Speaking at the BOJ's Quarterly Monetary Policy Report press conference on February 24, 2026, Governor Richard Byles announced that Jamaica's full economic recovery from Hurricane Melissa is now projected within two to three years — faster than the previous estimate of three to four years. The central bank cited quicker agricultural rebounds and faster restoration of electricity and telecommunications as the drivers of the improved outlook. The BOJ cut its benchmark policy rate by 25 basis points to 5.50 per cent, with headline inflation easing to 3.9 per cent in January 2026. GDP is expected to contract between 1% and 3% in FY2025/26 before rebounding to growth of 1% to 3% in FY2026/27.

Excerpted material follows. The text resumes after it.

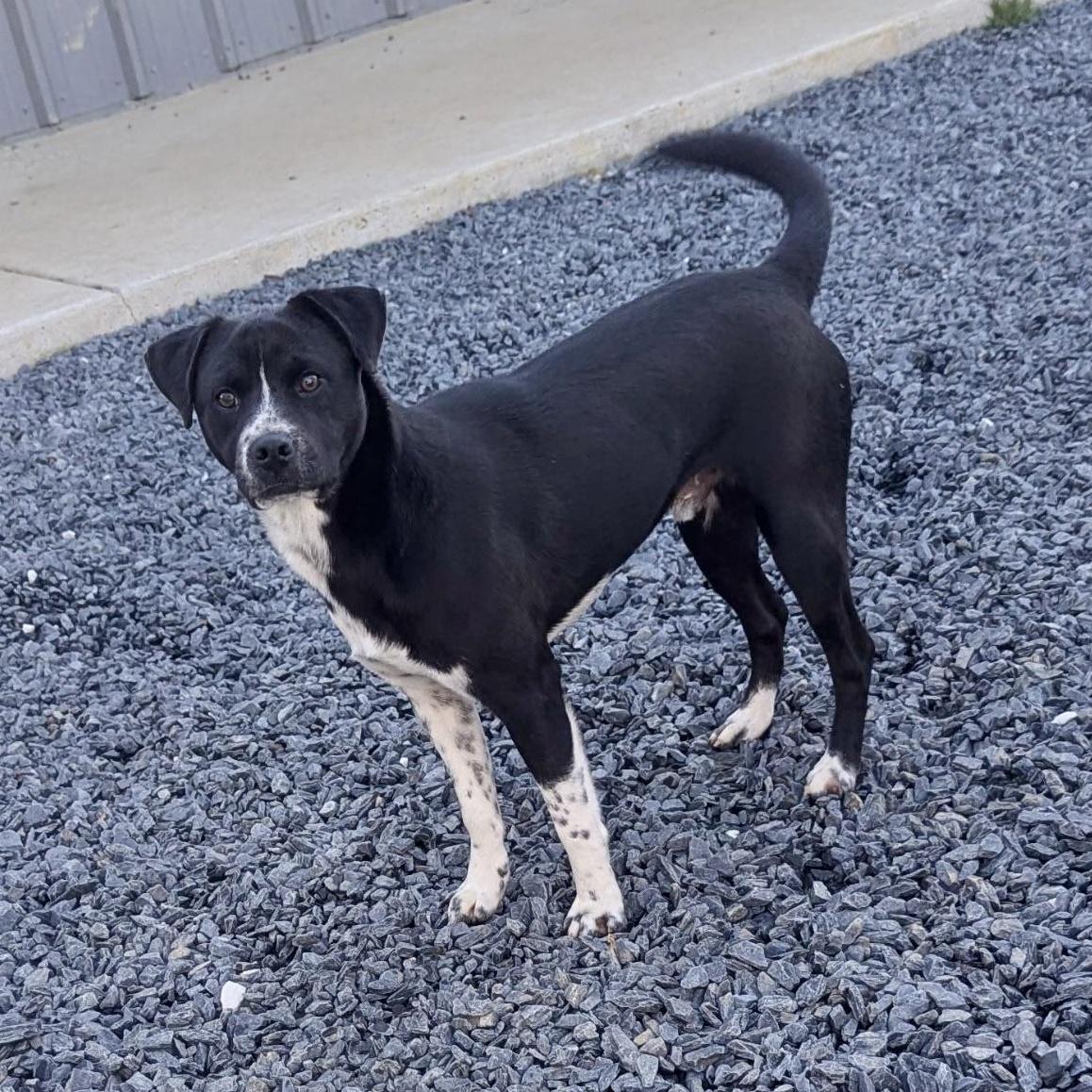 A young medium-sized male Black Border Collie dog named Chestnut for adoption in Paramus, NJ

The BOJ's revised outlook signals that Jamaica's economic fundamentals have held firmer than feared in Melissa's immediate aftermath. Record reserves of US$6.8 billion — at 155.8% of the adequacy benchmark — provide a critical buffer as the current account deteriorates. However, the near-term picture remains challenging: tourism disruptions and surging reconstruction imports will widen the external deficit, even as remittances and insurance payouts offer partial relief. The BOJ's rate cut to 5.50% is designed to ease borrowing costs, but its transmission to households and businesses in storm-affected areas will not be swift.
"Jamaica's gross international reserves reached a historic high of US$6.8 billion as of February 19, 2026, representing approximately 155.8% of the measure considered adequate — providing a critical buffer as the economy rebuilds from Hurricane Melissa."
— Bank of Jamaica, Quarterly Monetary Policy Report Press Conference, February 24, 2026
Cautious optimism from the central bank: The BOJ's upgraded recovery timeline and unanimous rate cut reflect genuine confidence that Melissa's inflationary shock is fading faster than modelled. However, the central bank has been explicit that elevated government reconstruction spending poses a real upside risk to prices, and it stands ready to reverse course if the inflation outlook deteriorates.
Private capital must complement multilateral support: The US$6.7 billion international package, while substantial, cannot alone close a US$12.2 billion damage gap. Dr Stokes argues that Jamaica must urgently leverage its capital markets — including pension fund sale-and-leaseback structures, catastrophe bonds, and blended finance vehicles — to mobilise the private capital needed to reach farmers, small businesses, and homeowners directly.
Monetary policy has limits in post-disaster recovery: The BOJ can cut rates, but it cannot rebuild hotels, replant farms, or restore displaced workers' incomes. The real measure of Jamaica's recovery will be livelihoods stabilised and communities rebuilt — outcomes that depend on coordinated action from government, the private sector, and policymakers navigating the line between fiscal necessity and price stability.
"The Bank of Jamaica can cut rates; it cannot compel banks to pass those savings on to borrowers, nor can monetary policy alone rebuild a hotel, replant a farm, or restore a displaced worker's income."
— Calvin G Brown, Economic analyst, via Caribbean360
The Bank of Jamaica's revised recovery timeline is welcome news — and not merely as a statistical update. It is a signal that Jamaica's pre-Melissa decade of fiscal discipline, reserve-building, and institutional credibility is paying dividends precisely when the country needs them most. A historic US$6.8 billion in reserves and a financial system still above its prudential benchmarks are not accidents; they are the result of deliberate policy choices.
But Caribbean360 cautions against reading the BOJ's measured optimism as a green light for complacency. The current account is deteriorating, the fiscal deficit is widening, and tens of thousands of Jamaicans in the island's western parishes remain far from whole. A lower policy rate does not rebuild a hotel or replant a field.
What Jamaica now needs — and what the rest of the Caribbean should watch closely — is whether the multilateral billions and the domestic capital market can be mobilised with the same discipline that built those reserves. The architecture for recovery exists. The urgency to act on it is non-negotiable.